PQI = (5E + 1G + (-1) F + (-5) B) / Total
E: Excellent, G: Good, F: Fair, B: Bad.
Economic evaluation
In order to value the economic impact of this productive process for the institution and country, the total income (resulted of the perceived volume to concept of sales of the final product in the evaluated period), income per man (obtained from relation between the total incomes and total of workers included in process), as well as the income per day, and the percent of income in the institution were determined as efficiency indicators. This monetary value was expressed in Cuban pesos (CUP).
RESULTS AND DISCUSSION
The results analysis of the microbiological, productive and quality indicators will be shown as follows.

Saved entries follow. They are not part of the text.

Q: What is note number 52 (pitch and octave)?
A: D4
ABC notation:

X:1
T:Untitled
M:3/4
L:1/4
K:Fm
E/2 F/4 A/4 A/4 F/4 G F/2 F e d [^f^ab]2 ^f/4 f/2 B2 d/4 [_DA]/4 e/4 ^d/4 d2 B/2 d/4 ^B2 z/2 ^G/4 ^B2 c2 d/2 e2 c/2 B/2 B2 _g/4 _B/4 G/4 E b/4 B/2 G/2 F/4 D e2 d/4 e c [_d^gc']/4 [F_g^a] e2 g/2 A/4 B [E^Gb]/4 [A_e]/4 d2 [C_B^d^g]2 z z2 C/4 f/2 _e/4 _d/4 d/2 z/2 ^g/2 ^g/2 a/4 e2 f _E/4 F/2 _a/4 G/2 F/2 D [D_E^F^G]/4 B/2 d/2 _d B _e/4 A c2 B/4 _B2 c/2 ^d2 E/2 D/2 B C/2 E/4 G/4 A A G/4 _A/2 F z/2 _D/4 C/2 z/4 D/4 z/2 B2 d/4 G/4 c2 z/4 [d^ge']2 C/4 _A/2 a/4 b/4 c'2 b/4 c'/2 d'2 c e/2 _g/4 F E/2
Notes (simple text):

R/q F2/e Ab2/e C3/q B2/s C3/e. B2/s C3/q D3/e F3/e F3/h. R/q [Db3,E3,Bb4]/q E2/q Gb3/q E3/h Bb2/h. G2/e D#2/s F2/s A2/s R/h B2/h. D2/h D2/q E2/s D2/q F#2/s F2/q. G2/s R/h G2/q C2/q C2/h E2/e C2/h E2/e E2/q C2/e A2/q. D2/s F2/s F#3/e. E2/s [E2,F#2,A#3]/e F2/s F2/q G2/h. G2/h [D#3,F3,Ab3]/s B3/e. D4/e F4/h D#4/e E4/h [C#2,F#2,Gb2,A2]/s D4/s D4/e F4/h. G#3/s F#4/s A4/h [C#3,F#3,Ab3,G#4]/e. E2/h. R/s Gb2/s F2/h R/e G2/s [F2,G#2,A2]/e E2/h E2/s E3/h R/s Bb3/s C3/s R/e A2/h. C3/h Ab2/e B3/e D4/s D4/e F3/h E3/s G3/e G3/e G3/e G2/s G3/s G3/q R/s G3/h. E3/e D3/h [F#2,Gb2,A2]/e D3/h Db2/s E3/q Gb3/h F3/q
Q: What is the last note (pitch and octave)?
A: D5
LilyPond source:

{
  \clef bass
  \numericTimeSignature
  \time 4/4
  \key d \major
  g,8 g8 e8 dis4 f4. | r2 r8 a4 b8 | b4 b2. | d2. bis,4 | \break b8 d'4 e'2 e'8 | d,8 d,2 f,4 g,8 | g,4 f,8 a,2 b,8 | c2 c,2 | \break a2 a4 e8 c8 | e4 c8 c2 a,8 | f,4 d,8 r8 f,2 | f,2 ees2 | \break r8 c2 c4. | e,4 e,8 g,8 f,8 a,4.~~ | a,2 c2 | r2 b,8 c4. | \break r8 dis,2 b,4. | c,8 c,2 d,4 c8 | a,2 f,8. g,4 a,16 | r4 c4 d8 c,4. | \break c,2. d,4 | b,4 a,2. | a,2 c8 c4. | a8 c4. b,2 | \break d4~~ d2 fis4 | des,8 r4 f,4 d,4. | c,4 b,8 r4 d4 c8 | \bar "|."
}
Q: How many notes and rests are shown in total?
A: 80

Evaluation for microbiological indicators
Among the microenvironmental elements monitored in both stages (water, bedding material, food, clothing and other sterilizable materials), only the non-compliant results in water and the bedding material were obtained (21). The rest of the macroenvironmental factors controlled (facilities, barrier and auxiliary systems) behaved in correspondence with the acceptance limits defined (19).
The incidence of microorganisms isolated from ozonized drinking water during Stages I and II is shown in Table 1.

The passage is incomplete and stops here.